Die Julitage des Jahres 1830 und ihr furchtbarer Sturm haben die früheren Ereignisse mit ihrem Lärm so sehr zugedeckt, das politische Interesse nahm Frankreich während der sechs letzten Monate dieses Jahres so sehr in Anspruch, daß sich heute niemand mehr oder kaum noch jemand jener privaten, gerichtlichen oder finanziellen Katastrophen entsinnt, so seltsam sie auch waren, wie sie die jährliche Zeche der Pariser Neugier bilden und wie sie auch in den ersten sechs Monaten dieses Jahres nicht fehlten. Es ist also nötig, eigens darauf aufmerksam zu machen, wie sehr Paris momentan in Aufregung geriet, als sich die Nachricht von der Verhaftung eines spanischen Priesters, der bei einer Kurtisane gefunden worden sei, und von der des eleganten Lucien von Rubempré, des Verlobten der Fräulein von Grandlieu, verbreitete, den man in dem kleinen Dorf Grez auf der Straße nach Italien verhaftet habe; beide seien sie eines Mordes angeklagt, dessen Erträgnis sich auf sieben Millionen belaufe! Der Skandal dieses Prozesses schwächte ein paar Tage lang das fabelhafte Interesse ab, das die letzten Wahlen unter Karl X. weckten.

Zunächst war dieser Kriminalprozeß zum Teil die Folge einer Klage des Barons von Nucingen. Dann erregte Luciens Verhaftung in dem Augenblick, als er Privatsekretär des ersten Ministers werden sollte, Aufsehen in der höchsten Pariser Gesellschaft. In jedem Pariser Salon entsann sich mehr als ein junger Mann, daß er Lucien beneidet hatte, als er von der schönen Herzogin von Maufrigneuse ausgezeichnet wurde, und alle Frauen wußten, daß er eben jetzt Frau von Sérizy interessierte, die Frau eines der ersten Männer des Staates. Schließlich genoß die Schönheit des Opfers in den verschiedenen Gesellschaften, aus denen Paris besteht, einer merkwürdigen Berühmtheit: in der großen Gesellschaft, in der Finanzwelt, in der Gesellschaft der Kurtisanen, in der Gesellschaft der jungen Leute und bei den Literaten. Seit zwei Tagen sprach also ganz Paris von diesen beiden Verhaftungen. Der Untersuchungsrichter, Herr Camusot, dem die Angelegenheit zugefallen war, sah in ihr eine Möglichkeit der Beförderung, und um mit jeder nur erdenklichen Beschleunigung vorgehen zu können, hatte er angeordnet, daß die beiden Angeklagten von der Force in die Conciergerie überführt werden sollten, sowie Lucien von Rubempré aus Fontainebleau angekommen wäre. Da der Abbé Carlos nur zwölf Stunden, Lucien nur eine halbe Nacht in der Force zugebracht hatte, so ist es nicht nötig, dieses Gefängnis zu schildern, das man seither völlig umgemodelt hat; und was die Einzelheiten der Aufnahme angeht, so wären sie nur eine Wiederholung dessen, was sich in der Conciergerie abspielen sollte.

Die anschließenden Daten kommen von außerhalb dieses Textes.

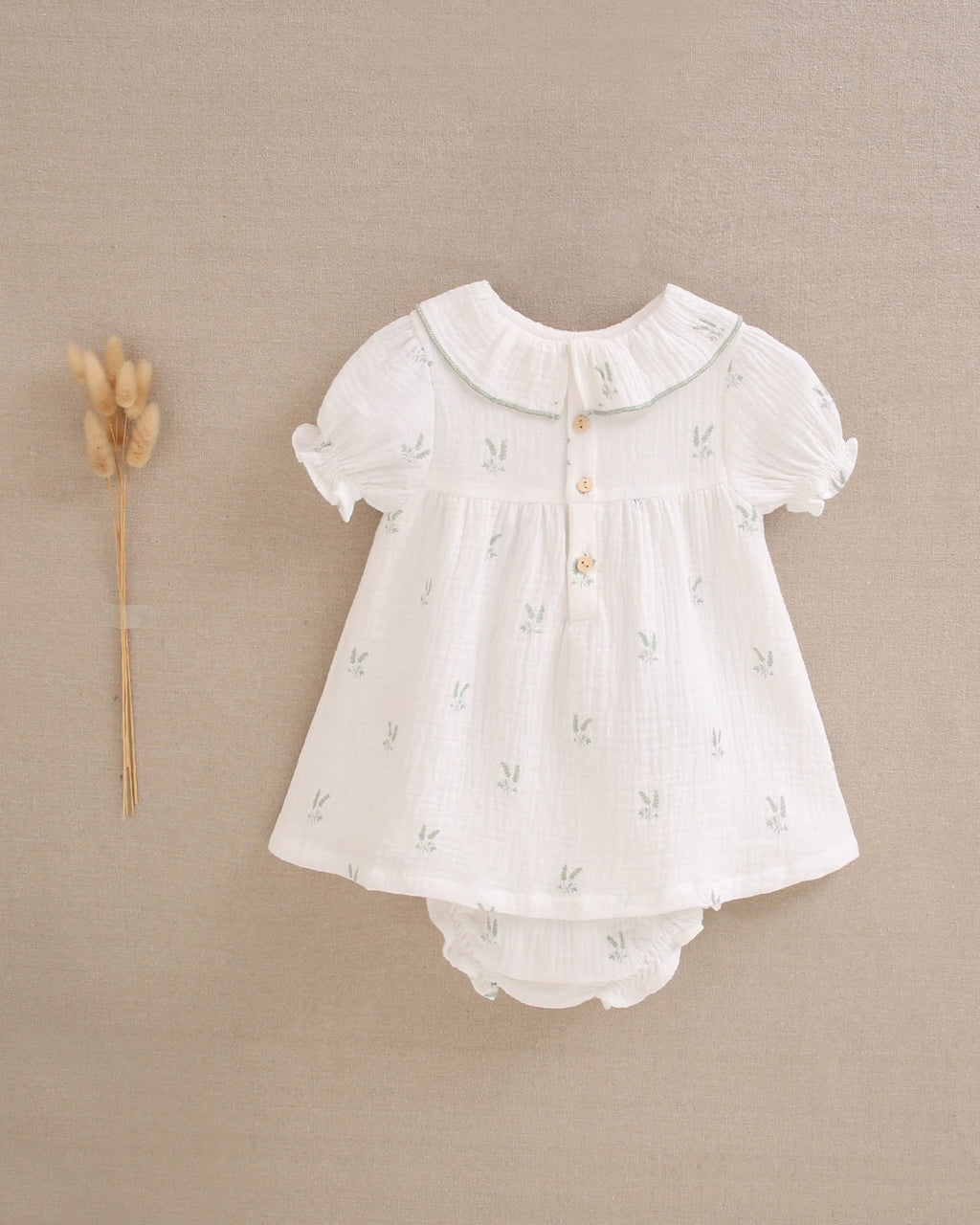 Vestido bebé niña crudo con estampado de ramas verde pastel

Aber bevor wir uns auf das furchtbare Drama der Untersuchung in diesem Strafprozeß einlassen, ist es, wie gesagt, unentbehrlich, den normalen Gang eines derartigen Prozesses zu schildern. Zunächst wird man seine verschiedenen Entwicklungsstufen in Frankreich wie im Ausland dann leichter verstehen, und ferner werden alle, die die Ordnung des Strafprozesses, wie sie die Gesetzgeber unter Napoleon festgestellt haben, nicht kennen, sie zu würdigen wissen. Es ist das um so wichtiger, als dieses schöne und große Werk in diesem Augenblick durch das sogenannte Besserungssystem mit der Vernichtung bedroht wird.

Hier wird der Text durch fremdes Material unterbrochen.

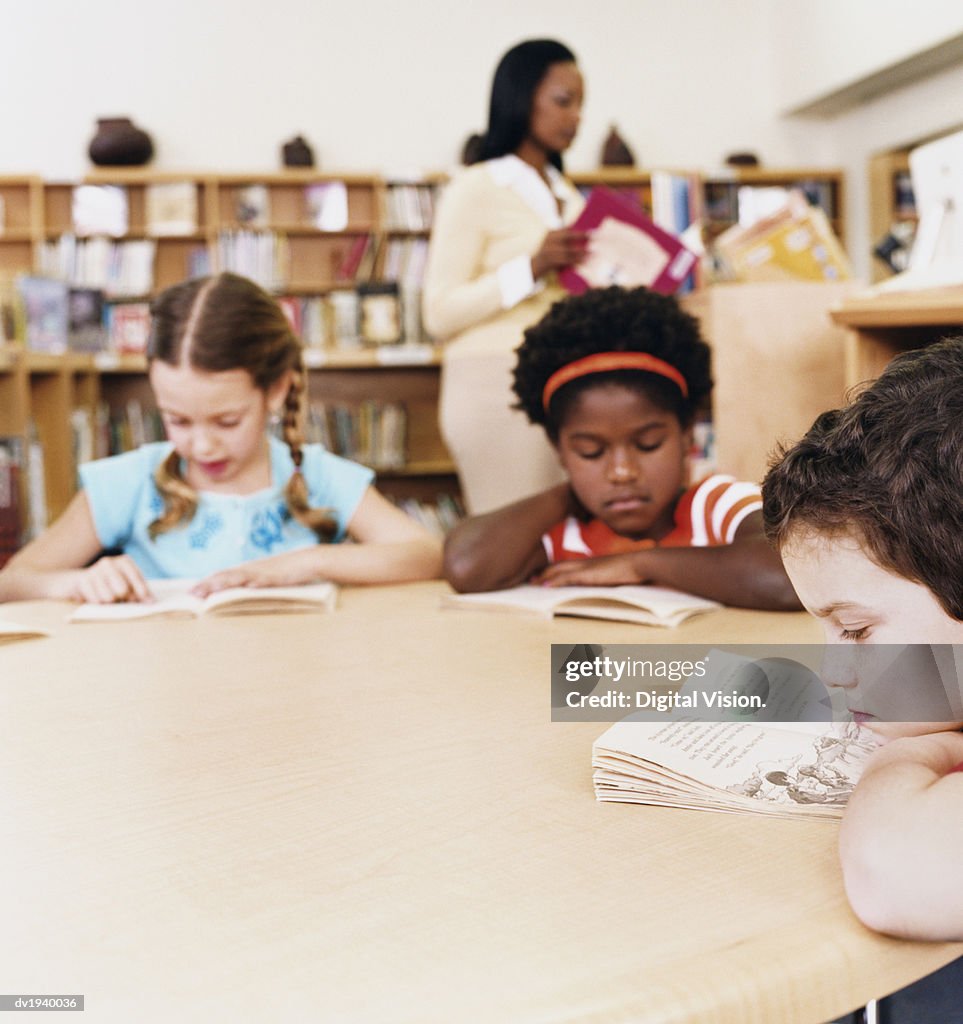 Young Children Reading Books in a Library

Ein Verbrechen wird begangen. Wenn die Verbrecher auf frischer Tat ertappt werden, so werden die ›Beschuldigten‹ in den nächsten Polizeigewahrsam geführt und in jener Zelle untergebracht, die das Volk die ›Geige‹ nennt, vermutlich, weil man dort Musik macht: man schreit und weint. Von dort aus werden die Beschuldigten dem Polizeikommissar vorgeführt, der mit der Untersuchung beginnt und sie freilassen kann, wenn ein Irrtum vorliegt; schließlich werden die Beschuldigten in das Präfekturgefängnis gebracht, wo die Polizei sie dem Staatsanwalt und dem Untersuchungsrichter zur Verfügung stellt; und diese beiden kommen, je nach der Schwere des Falles mehr oder minder schnell benachrichtigt, und verhören die Leute, die sich in vorläufiger Haft befinden. Je nach Art der Mutmaßungen erläßt dann der Untersuchungsrichter einen Haftbefehl und läßt die Beschuldigten im Untersuchungsgefängnis unterbringen. Paris hat drei Untersuchungsgefängnisse: Sainte-Pélagie, die Force und die Madelonnettes.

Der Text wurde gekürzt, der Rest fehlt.